→ **Recorded information**:
------------------------------------------------
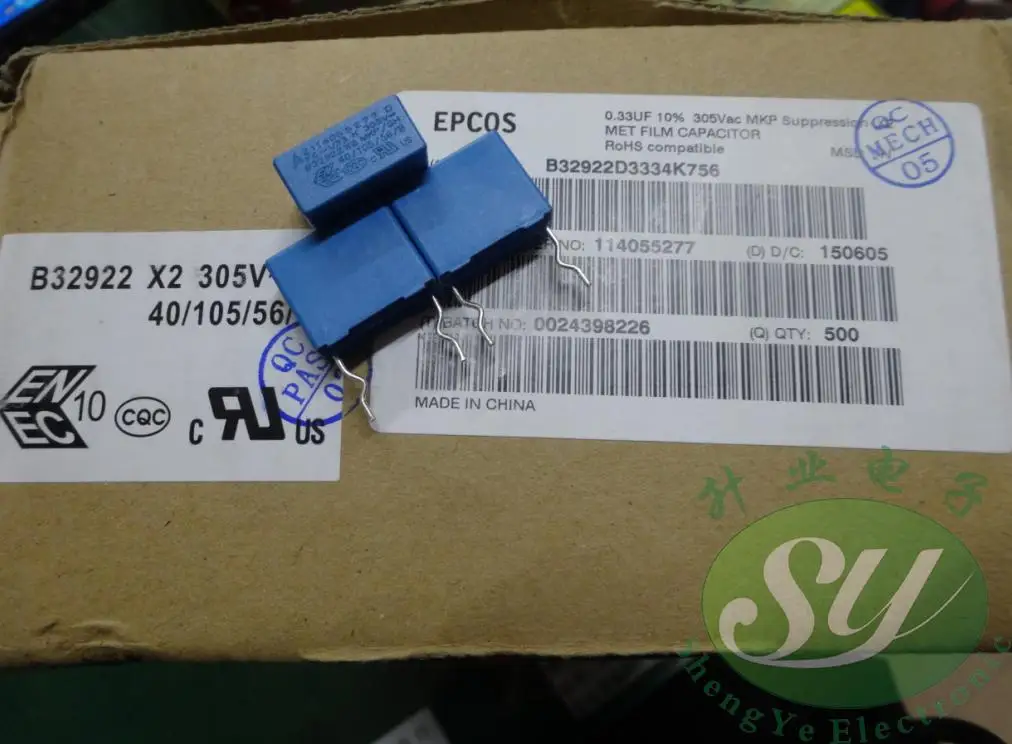 2019 горячая распродажа 10 шт./30 шт. EPCOS 0 33 мкФ/305vAC 330nf u33 334 Новый 15m пленочный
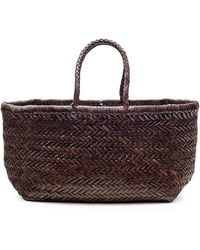 Dragon Diffusion - Triple Jump Small Leather Basket Bag - Lyst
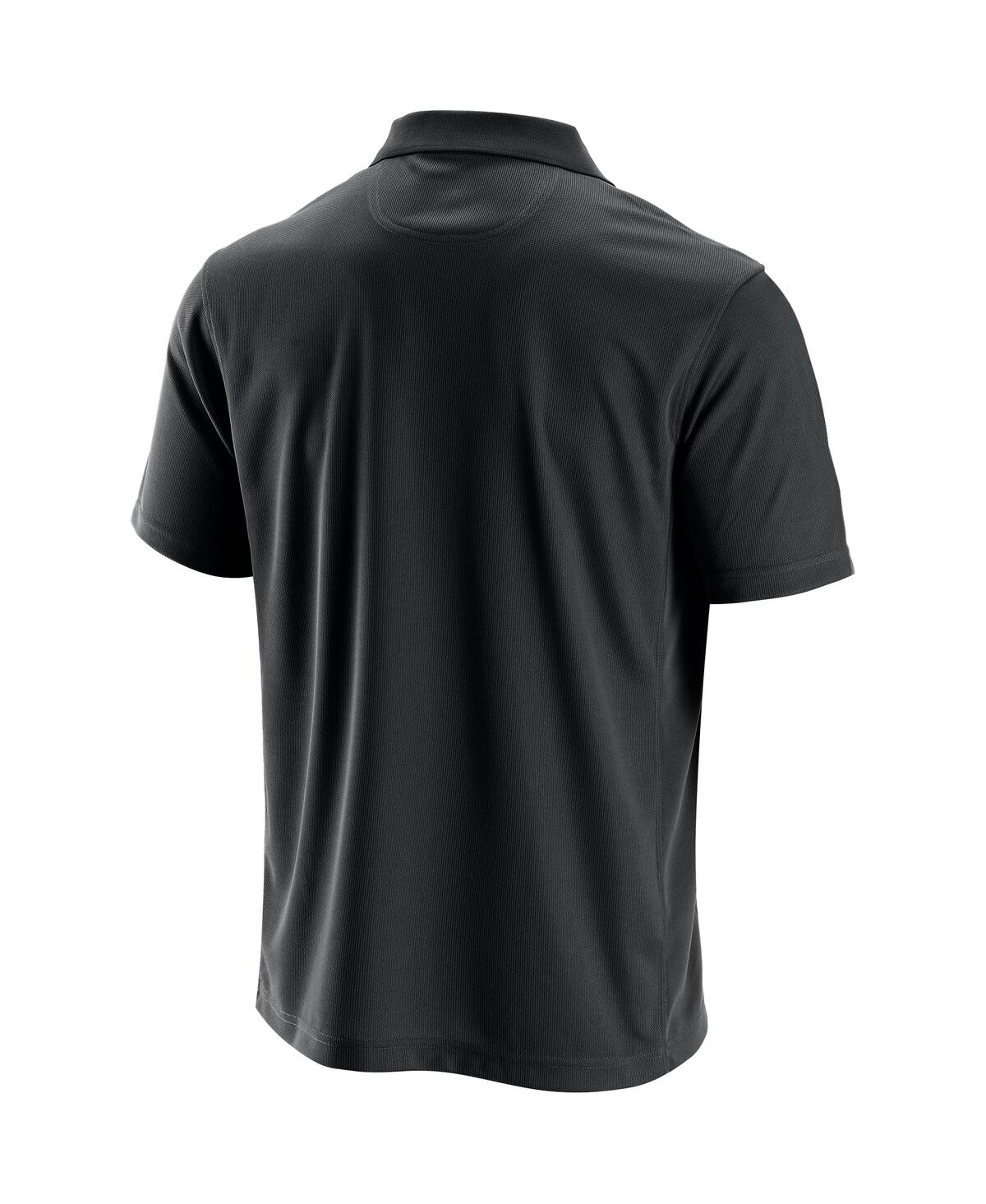 Shop Adpro Sports Men's Black Saskatchewan Rush Primary Logo Polo Shirt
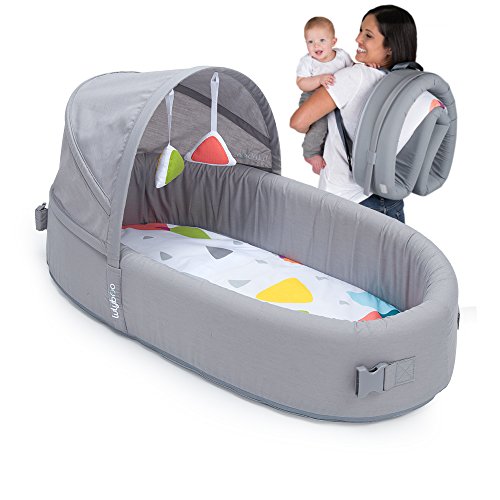 FUNNY SUPPLY 3-1 Baby Travel Crib Lightweight Travel Cot Easy to Pack-Yard with Mattress Sheet Portable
------------------------------------------------
→ **Activity**: Print the material above once more, exactly, minus the pictures.

→ **Written solution**:
 2019 горячая распродажа 10 шт./30 шт. EPCOS 0 33 мкФ/305vAC 330nf u33 334 Новый 15m пленочный
 Dragon Diffusion - Triple Jump Small Leather Basket Bag - Lyst
 Shop Adpro Sports Men's Black Saskatchewan Rush Primary Logo Polo Shirt
 FUNNY SUPPLY 3-1 Baby Travel Crib Lightweight Travel Cot Easy to Pack-Yard with Mattress Sheet Portable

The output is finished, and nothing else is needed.